Des weiteren hängt nun alles davon ab, im Konsolidierungsprozess, eine freie Finanzspanne im Verwaltungshaushalt zu schaffen. Nur wenn uns das gelingt, können wir eine derartig große Investition wie die Mittelschule finanziell stemmen. Als Mitglieder der städtischen Familie sind auch die Töchter und Eigenbetriebe gefordert, ihren Anteil dazu beizutragen.

Unser besonderer Appell geht aber an alle Kolleginnen und Kollegen : Bitte betreibt keine Verhinderungspolitik, sondern nehmt den Konsolidierungsprozess ernst und lasst uns konstruktiv zusammenarbeiten. Gemäß unserem gemeinsam gesteckten Ziel, als Stadt selbstbestimmt und handlungsfähig zu bleiben, um die Stadt nachhaltig attraktiv weiterentwickeln zu können. Damit Lindau auch weiterhin lebens- und liebenswert bleibt für alle Bürgerinnen und Bürger.

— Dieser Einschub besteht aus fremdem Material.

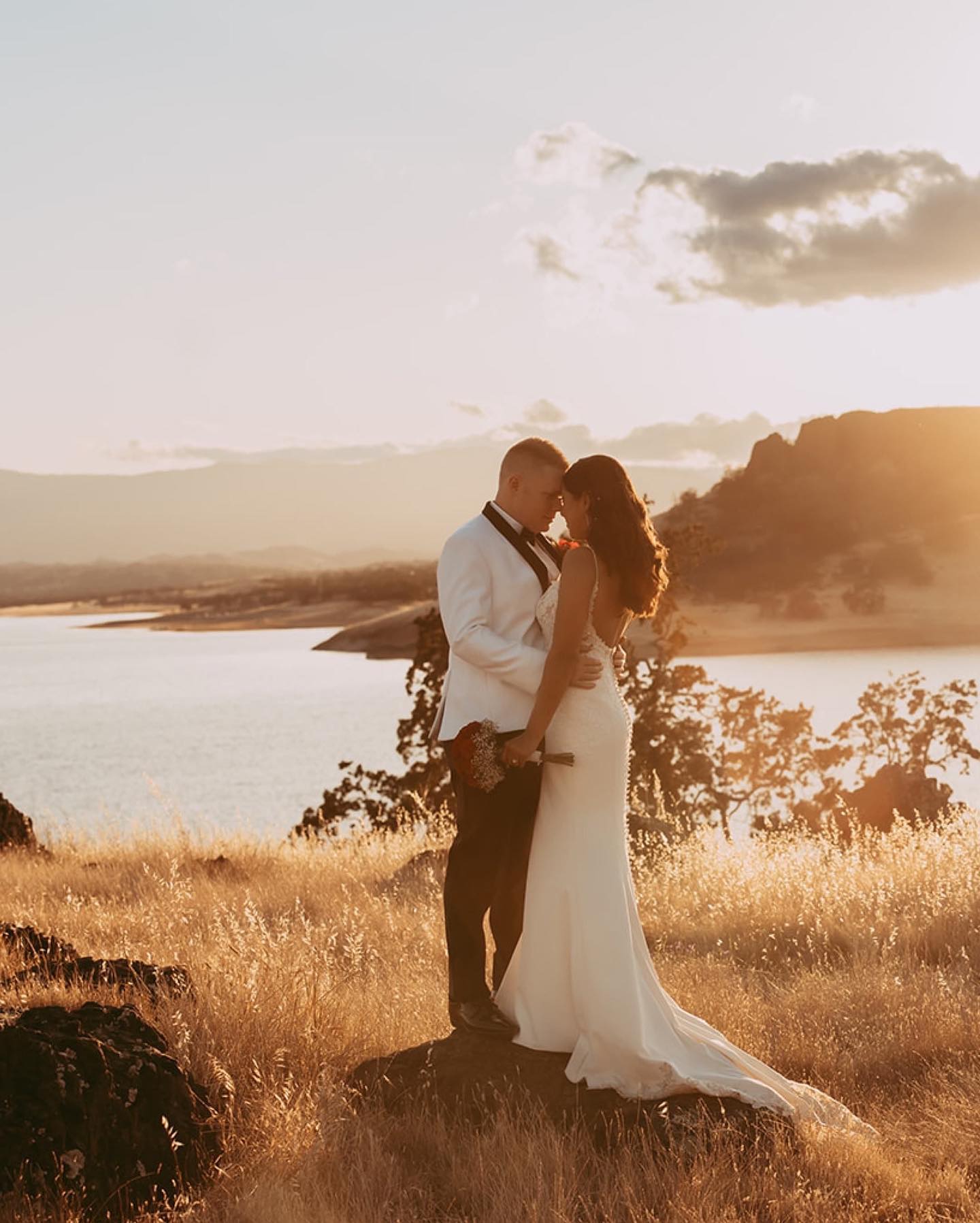 a wedding couple in their wedding attire sharing a close moment by cliffside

Zum Abschluss bedanken wir uns bei allen Abteilungen der Stadt und ihren Töchtern für die allzeit gute Zusammenarbeit. Wir wünschen Ihnen, Frau Oberbürgermeisterin Dr. Alfons, allen Mitarbeiterinnen und Mitarbeitern, den Kolleginnen und Kollegen des Stadtrates sowie allen Bürgerinnen und Bürgern ein frohes Weihnachtsfest, erholsame Tage mit Zeit zum Innehalten und Nachdenken sowie Gesundheit, Glück und Zuversicht im neuen Jahr.

Die SPD-Fraktion stimmt dem Haushalt zu.